Der Ort, die Menschen und …… das Wesentliche
Zu den Menschen, die die Teilung Deutschlands als beständigen Begleiter erlebt haben und den Ort der „Berliner Mauer“ ebenfalls, gehöre ich. Nach dem großen deutschen Ereignis war 1991 auf einem Teilstück dieser Mauer ein Zitat von Erich Fried zu lesen:
„Wer will, dass die Welt so bleibt, wie sie ist, will nicht, dass sie bleibt.“
Das Erleben einer solchen Veränderung kann den Sinn schärfen für das Wahrnehmen dessen, was jetzt ist. Schauen Sie sich mit mir ein wenig auf dem Schulgelände um, an dem Ort der Freien Waldorfschule Itzehoe. Neben allem, was hier schön und nützlich ist, was wir täglich genießen, gibt es einiges, das man übersieht, das man mit dem gewohnten Blick oder auf den ersten Blick nicht sehen kann.

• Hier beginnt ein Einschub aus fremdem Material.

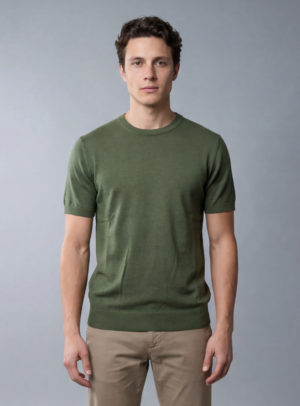 T-shirt Uni En Maille - Vert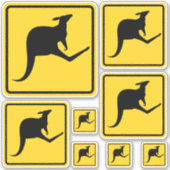 Kangaroo Warning Sign Sticker Set (Vorderseite)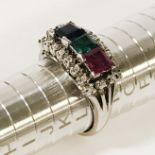 18CT WHITE GOLD & MULTI GEMSTONE RING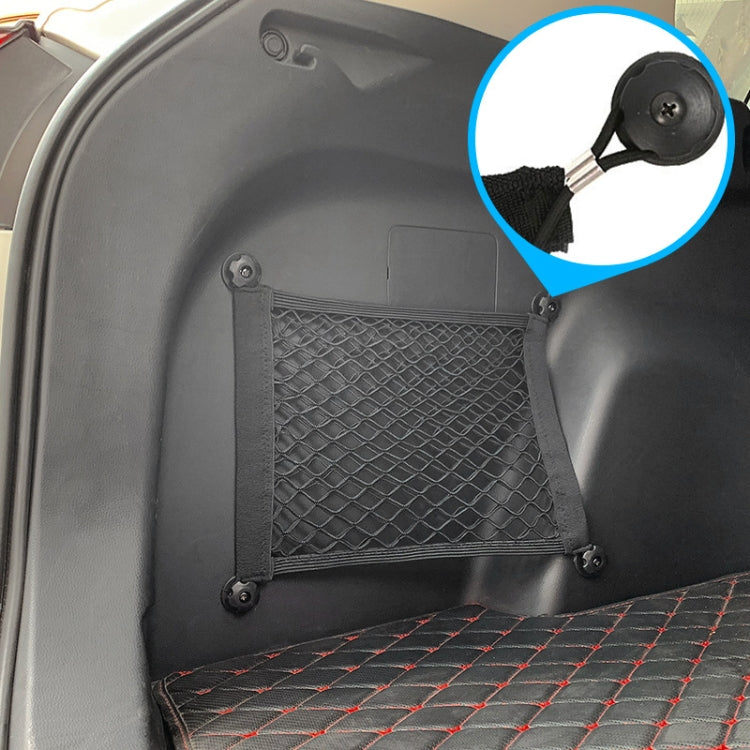 Car trunk-mounted black mesh storage net bag with corner hook points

So vielleicht auch dieser Stein, der einen weiteren Stein als Sockel hat – niedrig, leicht zu übersehen und verwunderlich. Eine Fläche ist mit einer Art Symbol versehen, einem Kosmogramm. Brigitte Engelhorn hat ihn 2012 erstellt, nachdem sich 2011 einige Menschen intensiver mit unserem Schulort befasst hatten – diese Beschäftigung begann bereits im Jahr 2003 und hatte immer wieder Unterbrechungen und wechselnde Zusammensetzungen.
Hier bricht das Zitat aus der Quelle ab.